Optimization of SNEDDS

In recent times, various statistical designs have been used to even more expertly enhance strategy using less experimentation and estimate the significance of independent variables. There are various tools for statistical optimization. Among them, D-optimal mixture design is one of the most standard surface methodologies for their optimization since it confines the distinction identified with assessment of coefficient in model and conveys the perfect subset by considering measures for enhancing statistics grid determinant. In this design, complete arrangement of formulation is considered as 100%, while other designs do not consider it.35,36

The concentrations of Capmul MCM EP (X1), Tween 20 (X2) and Transcutol P (X3) were considered as independent variables for the formulation of SNEDDS with the least droplet size (Y1), maximum %CDR (Y2) and self-emulsification time (Y3) as dependent variables. The design of experiment (DoE) which aids in analyzing and recording the dependent variables (Y) as outcomes (Design Expert ® Software 10) was employed for harmonization of regression equation for calculation of the dependent variables.37 Three equations of regression and desirability index helped in the selection of the optimized SNEDDS formulation.
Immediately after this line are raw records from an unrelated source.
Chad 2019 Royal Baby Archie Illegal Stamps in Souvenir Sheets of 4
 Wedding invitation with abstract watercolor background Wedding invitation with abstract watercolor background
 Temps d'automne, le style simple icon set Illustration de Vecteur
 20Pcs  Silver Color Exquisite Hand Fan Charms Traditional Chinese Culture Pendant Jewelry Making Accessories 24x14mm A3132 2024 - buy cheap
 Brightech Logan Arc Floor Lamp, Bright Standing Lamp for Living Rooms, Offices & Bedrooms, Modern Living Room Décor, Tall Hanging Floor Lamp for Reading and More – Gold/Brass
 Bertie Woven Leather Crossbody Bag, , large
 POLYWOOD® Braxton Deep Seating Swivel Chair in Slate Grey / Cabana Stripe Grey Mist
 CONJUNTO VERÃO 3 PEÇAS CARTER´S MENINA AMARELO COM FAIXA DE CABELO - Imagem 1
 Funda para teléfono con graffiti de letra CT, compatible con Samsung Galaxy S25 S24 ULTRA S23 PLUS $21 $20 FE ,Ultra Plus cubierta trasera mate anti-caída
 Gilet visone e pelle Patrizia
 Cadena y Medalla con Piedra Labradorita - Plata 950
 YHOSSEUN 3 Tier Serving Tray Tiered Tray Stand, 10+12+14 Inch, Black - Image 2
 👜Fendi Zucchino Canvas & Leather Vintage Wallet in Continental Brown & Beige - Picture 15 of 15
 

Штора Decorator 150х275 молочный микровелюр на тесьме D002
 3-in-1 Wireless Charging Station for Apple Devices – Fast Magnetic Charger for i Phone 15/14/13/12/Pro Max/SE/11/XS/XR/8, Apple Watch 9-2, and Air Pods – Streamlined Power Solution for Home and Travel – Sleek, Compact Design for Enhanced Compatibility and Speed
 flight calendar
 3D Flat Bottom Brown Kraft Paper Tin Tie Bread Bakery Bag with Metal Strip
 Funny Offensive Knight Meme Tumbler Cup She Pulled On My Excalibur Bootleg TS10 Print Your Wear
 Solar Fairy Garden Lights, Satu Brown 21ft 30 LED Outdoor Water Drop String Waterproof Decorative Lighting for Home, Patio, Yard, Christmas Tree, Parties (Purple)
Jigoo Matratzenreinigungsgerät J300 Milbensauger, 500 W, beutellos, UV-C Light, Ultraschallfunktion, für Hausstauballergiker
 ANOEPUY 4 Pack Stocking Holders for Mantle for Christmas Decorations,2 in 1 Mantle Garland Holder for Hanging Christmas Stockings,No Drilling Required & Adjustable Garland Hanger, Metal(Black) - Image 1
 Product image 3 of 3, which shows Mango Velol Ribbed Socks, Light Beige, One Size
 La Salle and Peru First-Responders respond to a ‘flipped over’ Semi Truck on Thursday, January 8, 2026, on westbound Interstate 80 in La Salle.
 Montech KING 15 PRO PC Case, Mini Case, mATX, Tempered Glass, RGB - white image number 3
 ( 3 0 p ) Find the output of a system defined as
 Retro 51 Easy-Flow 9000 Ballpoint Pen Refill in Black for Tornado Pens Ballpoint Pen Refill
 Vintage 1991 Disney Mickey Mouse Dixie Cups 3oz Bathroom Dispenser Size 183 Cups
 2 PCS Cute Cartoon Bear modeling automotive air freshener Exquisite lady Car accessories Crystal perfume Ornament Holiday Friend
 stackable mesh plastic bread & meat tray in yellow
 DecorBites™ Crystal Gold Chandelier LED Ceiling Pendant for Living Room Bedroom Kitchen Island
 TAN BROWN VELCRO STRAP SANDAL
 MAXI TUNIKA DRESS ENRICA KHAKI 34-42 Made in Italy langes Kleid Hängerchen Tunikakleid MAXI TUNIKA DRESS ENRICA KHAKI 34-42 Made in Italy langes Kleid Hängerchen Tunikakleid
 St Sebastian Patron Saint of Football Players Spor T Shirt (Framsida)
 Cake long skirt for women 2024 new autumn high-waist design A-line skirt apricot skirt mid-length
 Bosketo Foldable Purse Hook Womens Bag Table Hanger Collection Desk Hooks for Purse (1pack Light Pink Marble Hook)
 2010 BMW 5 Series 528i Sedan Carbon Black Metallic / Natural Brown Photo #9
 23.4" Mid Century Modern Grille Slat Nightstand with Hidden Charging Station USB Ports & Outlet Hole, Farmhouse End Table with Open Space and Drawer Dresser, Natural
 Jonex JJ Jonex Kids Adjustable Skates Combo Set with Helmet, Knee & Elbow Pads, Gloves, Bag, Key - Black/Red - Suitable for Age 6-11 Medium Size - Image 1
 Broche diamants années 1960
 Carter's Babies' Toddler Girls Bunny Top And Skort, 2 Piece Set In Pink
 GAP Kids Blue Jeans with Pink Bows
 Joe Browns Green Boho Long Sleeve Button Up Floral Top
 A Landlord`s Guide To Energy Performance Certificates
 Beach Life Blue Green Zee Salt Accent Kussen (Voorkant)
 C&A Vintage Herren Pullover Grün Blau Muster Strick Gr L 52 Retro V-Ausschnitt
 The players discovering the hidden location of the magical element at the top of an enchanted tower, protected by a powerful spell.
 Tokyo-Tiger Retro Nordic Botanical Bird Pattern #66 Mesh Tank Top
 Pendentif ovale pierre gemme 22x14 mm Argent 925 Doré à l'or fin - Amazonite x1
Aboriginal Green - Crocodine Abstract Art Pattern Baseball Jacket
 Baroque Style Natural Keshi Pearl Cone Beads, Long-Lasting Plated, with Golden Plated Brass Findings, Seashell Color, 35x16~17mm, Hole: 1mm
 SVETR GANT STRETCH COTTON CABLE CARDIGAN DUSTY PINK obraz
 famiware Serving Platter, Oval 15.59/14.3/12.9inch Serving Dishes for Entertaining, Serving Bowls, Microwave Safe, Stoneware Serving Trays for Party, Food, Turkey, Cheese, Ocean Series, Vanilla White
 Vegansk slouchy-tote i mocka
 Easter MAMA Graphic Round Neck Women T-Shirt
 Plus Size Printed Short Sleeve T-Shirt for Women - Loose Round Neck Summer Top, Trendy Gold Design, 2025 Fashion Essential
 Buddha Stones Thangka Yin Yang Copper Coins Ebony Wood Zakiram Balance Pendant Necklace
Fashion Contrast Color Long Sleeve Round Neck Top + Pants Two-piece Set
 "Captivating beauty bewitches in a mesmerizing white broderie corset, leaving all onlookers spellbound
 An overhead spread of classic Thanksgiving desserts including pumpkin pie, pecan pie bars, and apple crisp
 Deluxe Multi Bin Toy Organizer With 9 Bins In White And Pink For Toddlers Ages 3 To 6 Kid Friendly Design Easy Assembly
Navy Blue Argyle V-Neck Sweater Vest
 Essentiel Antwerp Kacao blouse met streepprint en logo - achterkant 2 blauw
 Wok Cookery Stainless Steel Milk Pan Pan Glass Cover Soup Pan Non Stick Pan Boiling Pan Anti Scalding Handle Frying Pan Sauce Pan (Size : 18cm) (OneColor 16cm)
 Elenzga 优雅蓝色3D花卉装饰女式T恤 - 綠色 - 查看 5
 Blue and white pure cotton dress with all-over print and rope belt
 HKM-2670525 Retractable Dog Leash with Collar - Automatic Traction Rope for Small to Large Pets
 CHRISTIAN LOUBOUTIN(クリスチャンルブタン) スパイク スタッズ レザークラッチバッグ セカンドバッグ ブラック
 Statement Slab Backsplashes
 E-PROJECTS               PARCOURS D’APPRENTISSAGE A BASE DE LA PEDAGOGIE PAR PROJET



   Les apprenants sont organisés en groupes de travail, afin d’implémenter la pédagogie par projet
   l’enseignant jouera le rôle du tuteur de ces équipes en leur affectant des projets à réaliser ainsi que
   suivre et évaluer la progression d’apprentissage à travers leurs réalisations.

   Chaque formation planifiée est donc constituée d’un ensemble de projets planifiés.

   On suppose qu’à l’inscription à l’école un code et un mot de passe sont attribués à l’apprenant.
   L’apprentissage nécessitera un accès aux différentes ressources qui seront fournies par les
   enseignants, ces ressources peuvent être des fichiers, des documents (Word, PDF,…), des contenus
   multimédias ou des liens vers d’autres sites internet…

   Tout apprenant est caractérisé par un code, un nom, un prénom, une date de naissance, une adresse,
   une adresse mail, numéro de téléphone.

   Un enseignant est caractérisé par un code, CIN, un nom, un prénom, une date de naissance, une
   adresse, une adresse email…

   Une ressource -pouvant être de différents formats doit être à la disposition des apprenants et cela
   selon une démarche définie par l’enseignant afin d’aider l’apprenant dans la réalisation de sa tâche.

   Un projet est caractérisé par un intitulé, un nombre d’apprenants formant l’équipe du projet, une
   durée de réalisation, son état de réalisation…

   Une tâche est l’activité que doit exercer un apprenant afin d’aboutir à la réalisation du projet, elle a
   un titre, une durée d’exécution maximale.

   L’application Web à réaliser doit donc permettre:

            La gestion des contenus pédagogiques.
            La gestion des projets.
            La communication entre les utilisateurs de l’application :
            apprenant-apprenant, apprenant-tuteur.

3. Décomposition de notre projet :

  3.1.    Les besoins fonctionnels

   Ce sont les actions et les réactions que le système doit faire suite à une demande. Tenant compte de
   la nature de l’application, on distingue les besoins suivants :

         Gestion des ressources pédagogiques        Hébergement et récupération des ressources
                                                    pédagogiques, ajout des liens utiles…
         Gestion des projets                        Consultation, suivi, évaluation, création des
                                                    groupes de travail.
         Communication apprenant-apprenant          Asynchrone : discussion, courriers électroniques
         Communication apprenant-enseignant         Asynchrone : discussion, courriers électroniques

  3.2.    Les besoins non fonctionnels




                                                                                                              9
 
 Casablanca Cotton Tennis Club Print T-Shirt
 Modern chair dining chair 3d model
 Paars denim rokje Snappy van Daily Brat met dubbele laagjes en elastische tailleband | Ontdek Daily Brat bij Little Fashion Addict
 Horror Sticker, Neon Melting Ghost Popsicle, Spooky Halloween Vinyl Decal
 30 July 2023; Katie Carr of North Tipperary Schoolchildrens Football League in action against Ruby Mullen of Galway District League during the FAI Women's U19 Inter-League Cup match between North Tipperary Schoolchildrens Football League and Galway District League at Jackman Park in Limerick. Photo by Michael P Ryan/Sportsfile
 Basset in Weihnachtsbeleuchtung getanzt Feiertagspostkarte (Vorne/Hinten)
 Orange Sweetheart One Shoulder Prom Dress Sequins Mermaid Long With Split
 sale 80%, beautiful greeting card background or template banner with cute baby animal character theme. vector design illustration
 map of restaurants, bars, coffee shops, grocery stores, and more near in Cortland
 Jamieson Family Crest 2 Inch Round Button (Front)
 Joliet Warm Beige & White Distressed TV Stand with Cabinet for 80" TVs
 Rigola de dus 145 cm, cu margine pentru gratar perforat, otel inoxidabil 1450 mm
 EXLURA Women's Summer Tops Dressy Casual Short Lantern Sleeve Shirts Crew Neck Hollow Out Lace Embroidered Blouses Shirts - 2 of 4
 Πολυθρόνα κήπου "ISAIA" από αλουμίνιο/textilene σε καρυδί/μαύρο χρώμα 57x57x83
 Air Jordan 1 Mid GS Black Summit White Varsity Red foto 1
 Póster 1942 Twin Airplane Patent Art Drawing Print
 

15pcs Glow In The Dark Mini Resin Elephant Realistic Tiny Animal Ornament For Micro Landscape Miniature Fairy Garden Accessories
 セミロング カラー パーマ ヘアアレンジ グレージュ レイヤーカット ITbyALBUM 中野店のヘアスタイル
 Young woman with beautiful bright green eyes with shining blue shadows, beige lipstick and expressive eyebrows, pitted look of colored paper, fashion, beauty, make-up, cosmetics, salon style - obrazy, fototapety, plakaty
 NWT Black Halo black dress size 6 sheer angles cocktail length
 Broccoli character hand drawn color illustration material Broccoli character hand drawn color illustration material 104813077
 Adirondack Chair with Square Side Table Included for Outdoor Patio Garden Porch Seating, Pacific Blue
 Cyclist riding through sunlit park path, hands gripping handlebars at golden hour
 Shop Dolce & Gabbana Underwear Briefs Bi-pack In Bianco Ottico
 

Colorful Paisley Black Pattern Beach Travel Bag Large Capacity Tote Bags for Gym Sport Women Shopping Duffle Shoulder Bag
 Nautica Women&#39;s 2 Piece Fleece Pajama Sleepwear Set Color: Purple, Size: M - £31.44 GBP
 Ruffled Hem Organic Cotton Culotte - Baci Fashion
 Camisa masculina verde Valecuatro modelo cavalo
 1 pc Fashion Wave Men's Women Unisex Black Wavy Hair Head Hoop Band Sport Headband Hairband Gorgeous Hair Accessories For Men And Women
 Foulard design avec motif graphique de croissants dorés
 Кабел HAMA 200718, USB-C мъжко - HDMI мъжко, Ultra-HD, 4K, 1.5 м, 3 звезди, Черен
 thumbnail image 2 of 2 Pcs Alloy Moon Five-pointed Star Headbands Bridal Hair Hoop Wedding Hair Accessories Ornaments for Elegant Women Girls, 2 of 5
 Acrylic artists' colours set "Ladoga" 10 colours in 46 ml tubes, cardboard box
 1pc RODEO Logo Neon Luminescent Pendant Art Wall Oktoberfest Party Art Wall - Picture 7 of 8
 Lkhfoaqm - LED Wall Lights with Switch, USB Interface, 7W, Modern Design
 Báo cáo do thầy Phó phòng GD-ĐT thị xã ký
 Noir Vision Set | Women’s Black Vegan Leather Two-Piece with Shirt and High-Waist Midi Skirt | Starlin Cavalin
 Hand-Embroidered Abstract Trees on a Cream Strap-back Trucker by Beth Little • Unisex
Evaluation of Globule Size

For this analysis, optimized SNEDDS formulation was diluted (1:100 w/v) with purified water and mixed for 1 minute prior to investigating this parameter. Zetasizer ZS of nano series; Malvern Instruments, Malvern, UK was utilized for the measurement of these parameters that is based on photon correlation spectroscopy.38

Dissolution Study

In this, 900 mL of pH 6.6±0.05 sodium citrate buffer media of 0.05M at 37°C±0.5°C was used in paddle type dissolution apparatus (Distek, USA) at 50 rpm. The capsules filled with SNEDDS (equivalent to 20 mg of rosuvastatin in capsule) were added into the cradle media ensuing to starting the revolution of paddle. Aliquots (5 mL) were collected after 30 minutes and examined via UV-spectrophotometer (UV 1700, Shimadzu, Japan) at λmax 242 nm. This analysis was performed in triplicate.39

Self-Emulsification Time

Based on the reported method, this study was done on every developed formulation. In brief, 1 g formulation of SNEDDS was incorporated in 500 mL of purified water and a magnetic stirrer (Remi, Mumbai) was used for agitation of 100 rpm. Time taken for development of nano-emulsion and dispersibility was recorded.40


In view of enhancement results, optimized SNEDDS was picked to complete characterization and more evaluation parameters.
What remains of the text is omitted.